My DD 10 auditioned last year, she isn't a terrible singer but she isn't brilliant, she made a video of her singing and I sent it to them via email as part of the process thinking they wouldn't call her to go to an audition...they did!

It cost a fortune to get her to the audition, she auditioned in front of 2 people a voice coach and a producer...they were asking her questions but the producer had such a strong accent and she couldn't understand him that she went shy and couldn't answer him properly.

By the time she got to the singing bit this had knocked her confidence - she actually sang really well but she didn't get through as she wasn't confident enough!
I thought it might have put her off but it hasn't she wants to go again this year!
It's a good experience for them though!

divafever99 · 17/05/2019 07:11

If she was my daughter I would let her go.

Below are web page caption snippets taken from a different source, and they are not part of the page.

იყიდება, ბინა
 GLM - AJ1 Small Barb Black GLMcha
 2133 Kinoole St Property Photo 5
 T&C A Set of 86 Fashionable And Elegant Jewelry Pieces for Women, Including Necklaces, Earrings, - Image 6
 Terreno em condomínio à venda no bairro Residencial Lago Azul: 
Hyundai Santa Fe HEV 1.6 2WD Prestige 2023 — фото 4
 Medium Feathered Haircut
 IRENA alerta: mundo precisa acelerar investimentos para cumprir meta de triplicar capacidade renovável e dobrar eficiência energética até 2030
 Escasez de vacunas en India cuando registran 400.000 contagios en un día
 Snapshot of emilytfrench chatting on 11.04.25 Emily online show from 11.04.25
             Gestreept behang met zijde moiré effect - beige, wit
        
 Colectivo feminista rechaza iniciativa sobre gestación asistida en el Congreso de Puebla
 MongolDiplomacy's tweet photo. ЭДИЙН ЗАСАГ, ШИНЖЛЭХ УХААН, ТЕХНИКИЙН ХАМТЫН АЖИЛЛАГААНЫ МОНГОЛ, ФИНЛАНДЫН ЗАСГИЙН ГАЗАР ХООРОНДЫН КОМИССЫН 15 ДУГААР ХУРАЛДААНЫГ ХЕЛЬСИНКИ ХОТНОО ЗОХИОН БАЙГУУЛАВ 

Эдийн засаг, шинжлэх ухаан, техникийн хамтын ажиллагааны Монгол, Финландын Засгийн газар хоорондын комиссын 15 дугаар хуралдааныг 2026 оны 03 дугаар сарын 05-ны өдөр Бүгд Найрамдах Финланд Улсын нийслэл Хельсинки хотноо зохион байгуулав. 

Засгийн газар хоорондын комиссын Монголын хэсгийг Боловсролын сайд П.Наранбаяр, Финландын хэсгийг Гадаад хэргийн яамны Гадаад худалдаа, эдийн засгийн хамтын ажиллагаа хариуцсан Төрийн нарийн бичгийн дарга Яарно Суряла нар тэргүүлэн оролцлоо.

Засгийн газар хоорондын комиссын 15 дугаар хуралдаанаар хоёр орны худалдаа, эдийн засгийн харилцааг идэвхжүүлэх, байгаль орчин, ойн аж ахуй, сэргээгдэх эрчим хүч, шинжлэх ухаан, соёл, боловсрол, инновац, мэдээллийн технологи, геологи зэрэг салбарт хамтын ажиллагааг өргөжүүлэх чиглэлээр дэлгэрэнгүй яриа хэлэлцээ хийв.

She will experience many disappointments in life I'm sure, I don't think it will do her any harm experiencing one at 11 if you really think she cannot sing. I would perhaps try and make a day of it with her and her friend, maybe go somewhere nice for tea afterwards?

MummySharkDoodoododoo · 17/05/2019 12:21

Thank you. I didn't. Realise they had to send a video off first of all, that's good I guess.

I just hope they aren't mean to her - she is a sensitive soul but I guess she needs to toughen up at some point!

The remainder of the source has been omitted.